-- WHAT YOU WILL DO --
Retype the material that follows exactly, limited to the lines from the one with "J-Line Wandklok Nue Mdf/Ijzer Naturel Small" through the one with "Ralph Lauren Mandarin", and keep out all pictures.

-- DATA SUPPLIED --
===============

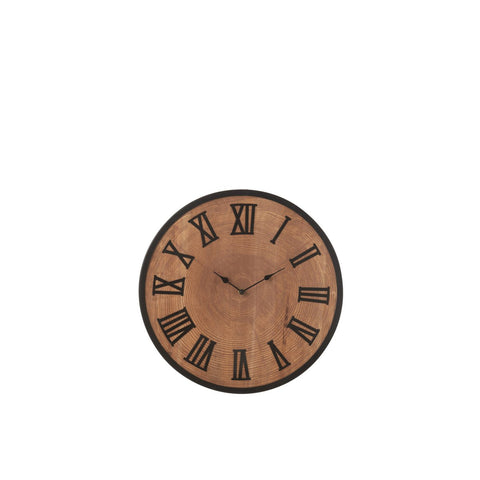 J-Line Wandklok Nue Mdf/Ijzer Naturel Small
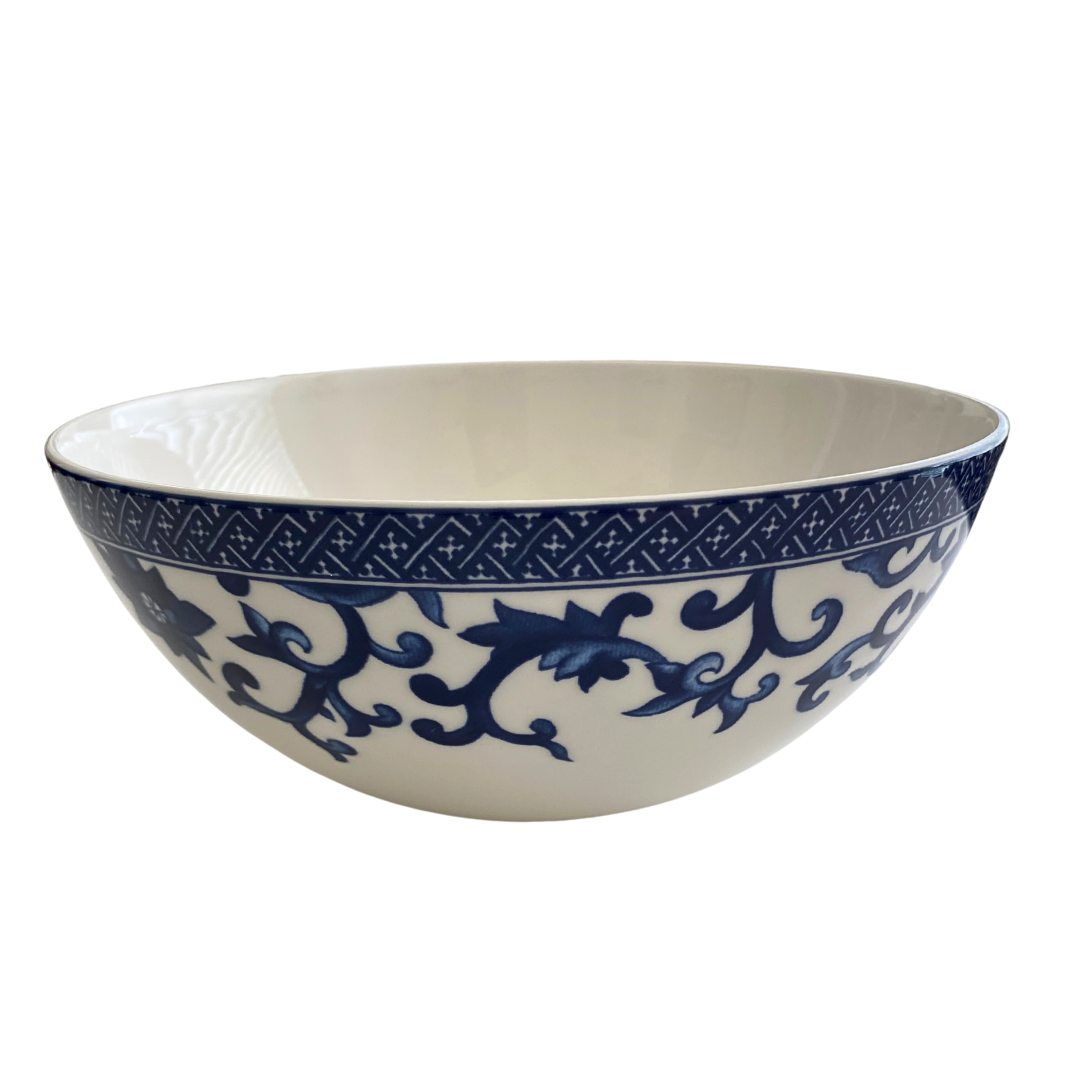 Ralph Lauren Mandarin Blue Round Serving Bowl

===============

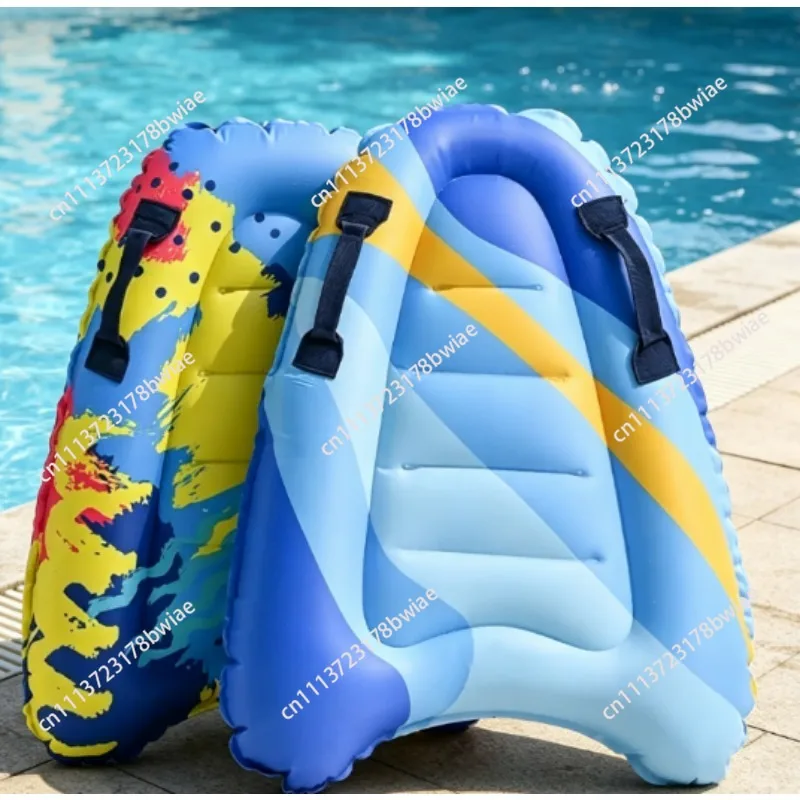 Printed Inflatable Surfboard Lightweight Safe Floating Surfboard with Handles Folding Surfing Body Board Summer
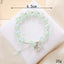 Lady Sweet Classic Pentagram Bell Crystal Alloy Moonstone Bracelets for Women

===============

-- RESPONSE TO THIS EXERCISE --
 J-Line Wandklok Nue Mdf/Ijzer Naturel Small
 Ralph Lauren Mandarin Blue Round Serving Bowl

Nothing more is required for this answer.